Metadata-Version: 2.4
Name: synap-git
Version: 2.1.0
Summary: Persistent structural context infrastructure for AI coding agents.
Project-URL: Homepage, https://github.com/saahilpal/synap-git
Project-URL: Repository, https://github.com/saahilpal/synap-git
Project-URL: Issues, https://github.com/saahilpal/synap-git/issues
Project-URL: Changelog, https://github.com/saahilpal/synap-git/blob/main/CHANGELOG.md
Author: Synap contributors
License: Apache-2.0
License-File: LICENSE.md
Keywords: ai,context,developer-tools,git,mcp,repository-indexing
Classifier: Development Status :: 4 - Beta
Classifier: Intended Audience :: Developers
Classifier: License :: OSI Approved :: Apache Software License
Classifier: Operating System :: OS Independent
Classifier: Programming Language :: Python :: 3
Classifier: Programming Language :: Python :: 3.12
Classifier: Topic :: Software Development :: Build Tools
Classifier: Topic :: Software Development :: Libraries :: Python Modules
Requires-Python: >=3.11
Requires-Dist: click==8.1.8
Requires-Dist: fastapi==0.115.11
Requires-Dist: gitpython==3.1.44
Requires-Dist: httpx==0.28.1
Requires-Dist: keyring==25.6.0
Requires-Dist: markdown-it-py==3.0.0
Requires-Dist: mcp==1.3.0
Requires-Dist: msgpack==1.1.0
Requires-Dist: prompt-toolkit<3.0.44
Requires-Dist: pydantic-settings==2.8.1
Requires-Dist: pydantic==2.10.6
Requires-Dist: questionary==2.1.0
Requires-Dist: structlog==25.1.0
Requires-Dist: tiktoken==0.9.0
Requires-Dist: tree-sitter-languages==1.10.2
Requires-Dist: tree-sitter==0.20.4
Requires-Dist: typer==0.15.1
Requires-Dist: uvicorn==0.34.0
Provides-Extra: dev
Requires-Dist: bandit==1.8.3; extra == 'dev'
Requires-Dist: mypy==1.15.0; extra == 'dev'
Requires-Dist: pre-commit==4.1.0; extra == 'dev'
Requires-Dist: pytest-asyncio==0.25.3; extra == 'dev'
Requires-Dist: pytest-cov==6.0.0; extra == 'dev'
Requires-Dist: pytest-timeout==2.3.1; extra == 'dev'
Requires-Dist: pytest==8.3.4; extra == 'dev'
Requires-Dist: ruff==0.9.9; extra == 'dev'
Description-Content-Type: text/markdown

# Synap

Local Git-aware structural context engine for AI coding agents.

[![CI Status](https://github.com/saahilpal/synapse/actions/workflows/ci.yml/badge.svg)](https://github.com/saahilpal/synapse/actions)
[![Version](https://img.shields.io/pypi/v/synap-git?color=3b82f6)](https://pypi.org/project/synap-git/)
[![Python Version](https://img.shields.io/pypi/pyversions/synap-git)](https://pypi.org/project/synap-git/)
[![License](https://img.shields.io/github/license/saahilpal/synapse?color=cbd5e1)](LICENSE.md)

## The Problem

Context windows of AI coding agents become cluttered when fed raw codebase dumps, causing token waste.
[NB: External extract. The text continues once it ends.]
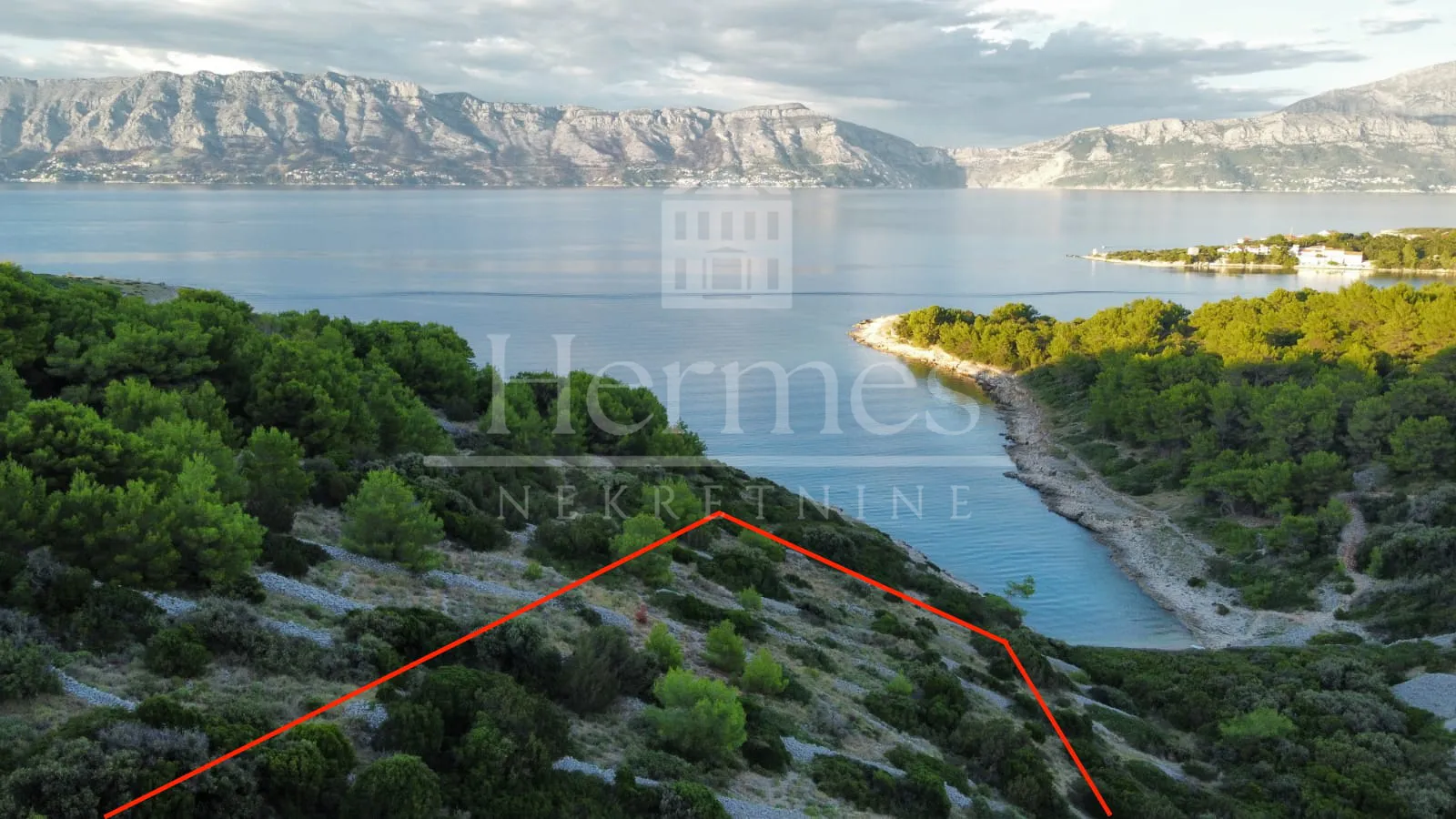 zemljište uz more (14 174 m2), povlja, otok brač - slika 2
Standard vector search systems return isolated snippets that lack import relations, class hierarchies, and file-dependency bonds. Switching branches or checking out older commits disrupts agent operations, causing repetitive code failures.

## What It Does

Synap builds a local structural code graph and a file-level markdown wiki synced to your Git commit history. It stores code symbols and dependency edges in a local SQLite database, generating L3 behavioral memory checkpoints and lessons. Coding agents receive structured, token-bounded context packages through a Model Context Protocol (MCP) server.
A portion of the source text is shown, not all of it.